With Driver API you do not depend on anything except for driver (nvcuda.dll). With Runtime API you have to redistribute cudart.dll (and you need to check that cudart.dll is of supported version).

If you need to run your program on machines without CUDA driver then you have to mark nvcuda.dll as delay-loaded. More etails here:

thanks for the info!

Does the CUDA toolkit license allow such a redistribution?

Technically, no. But the NVIDIA guys here say you can do it. It’s kind of dumb.

Thanks Alex. I guess the safest route is to use the driver API.

you can redistribute the runtime API and redistribute cudart.dll. really, I asked Ian Buck this point-blank and he said “yes, it is okay for anyone who wants to redistribute cudart.dll to redistribute cudart.dll.” or libcudart or what have you.
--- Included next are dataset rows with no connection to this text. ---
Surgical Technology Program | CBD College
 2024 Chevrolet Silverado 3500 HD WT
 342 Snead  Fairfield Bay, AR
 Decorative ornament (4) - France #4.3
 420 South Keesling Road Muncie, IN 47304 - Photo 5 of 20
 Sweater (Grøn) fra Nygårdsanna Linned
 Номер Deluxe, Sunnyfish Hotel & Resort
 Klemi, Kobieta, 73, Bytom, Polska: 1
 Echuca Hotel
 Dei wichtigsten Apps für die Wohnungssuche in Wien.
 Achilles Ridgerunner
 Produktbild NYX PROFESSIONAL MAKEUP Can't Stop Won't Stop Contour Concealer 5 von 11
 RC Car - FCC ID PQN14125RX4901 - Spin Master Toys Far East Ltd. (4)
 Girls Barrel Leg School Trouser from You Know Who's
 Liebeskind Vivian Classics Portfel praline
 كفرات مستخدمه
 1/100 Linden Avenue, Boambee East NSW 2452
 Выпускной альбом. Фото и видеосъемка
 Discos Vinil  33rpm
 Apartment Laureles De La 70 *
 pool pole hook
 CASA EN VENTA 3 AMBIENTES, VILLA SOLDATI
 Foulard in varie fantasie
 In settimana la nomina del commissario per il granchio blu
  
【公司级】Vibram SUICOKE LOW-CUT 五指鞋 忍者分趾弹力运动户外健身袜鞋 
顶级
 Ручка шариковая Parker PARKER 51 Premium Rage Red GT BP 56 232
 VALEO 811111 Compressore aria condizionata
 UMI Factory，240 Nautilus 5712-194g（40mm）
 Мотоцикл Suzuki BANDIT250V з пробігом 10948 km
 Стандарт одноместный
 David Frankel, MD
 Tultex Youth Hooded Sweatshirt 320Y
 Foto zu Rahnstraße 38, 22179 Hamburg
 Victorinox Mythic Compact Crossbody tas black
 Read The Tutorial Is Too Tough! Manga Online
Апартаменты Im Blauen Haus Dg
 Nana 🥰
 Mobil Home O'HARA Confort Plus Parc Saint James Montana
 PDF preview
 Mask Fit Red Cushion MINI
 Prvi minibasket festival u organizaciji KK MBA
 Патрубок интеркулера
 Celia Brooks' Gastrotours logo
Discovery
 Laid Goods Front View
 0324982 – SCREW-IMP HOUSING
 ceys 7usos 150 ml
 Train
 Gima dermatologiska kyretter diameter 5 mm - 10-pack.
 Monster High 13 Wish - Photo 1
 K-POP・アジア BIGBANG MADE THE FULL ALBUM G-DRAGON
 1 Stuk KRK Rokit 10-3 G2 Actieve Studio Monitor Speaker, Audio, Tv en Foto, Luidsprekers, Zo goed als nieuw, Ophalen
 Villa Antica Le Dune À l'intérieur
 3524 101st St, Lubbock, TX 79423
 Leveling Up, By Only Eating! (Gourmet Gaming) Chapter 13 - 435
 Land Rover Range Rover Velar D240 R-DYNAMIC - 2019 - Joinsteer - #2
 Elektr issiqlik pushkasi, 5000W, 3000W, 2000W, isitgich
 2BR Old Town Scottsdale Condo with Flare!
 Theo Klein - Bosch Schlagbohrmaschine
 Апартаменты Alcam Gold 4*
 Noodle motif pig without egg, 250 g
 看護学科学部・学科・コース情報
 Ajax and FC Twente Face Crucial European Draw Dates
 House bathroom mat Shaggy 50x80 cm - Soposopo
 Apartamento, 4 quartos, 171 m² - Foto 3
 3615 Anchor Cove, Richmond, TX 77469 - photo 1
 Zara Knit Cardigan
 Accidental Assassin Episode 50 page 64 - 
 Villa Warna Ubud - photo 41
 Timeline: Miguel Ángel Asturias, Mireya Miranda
hopefully this will cease to be a problem in a few months, but for the time being if you want to use cudart you can redistribute it. however, the driver API is still a much better option because it’s basically guaranteed to always work and avoid DLL problems.

Yeah, but the runtime api is a lot more elegant, which is good in terms of clean and maintable code. I wonder, has someone maybe made a c++ wrapper around the driver api that aimed for ease of use? Or do we have to roll our own?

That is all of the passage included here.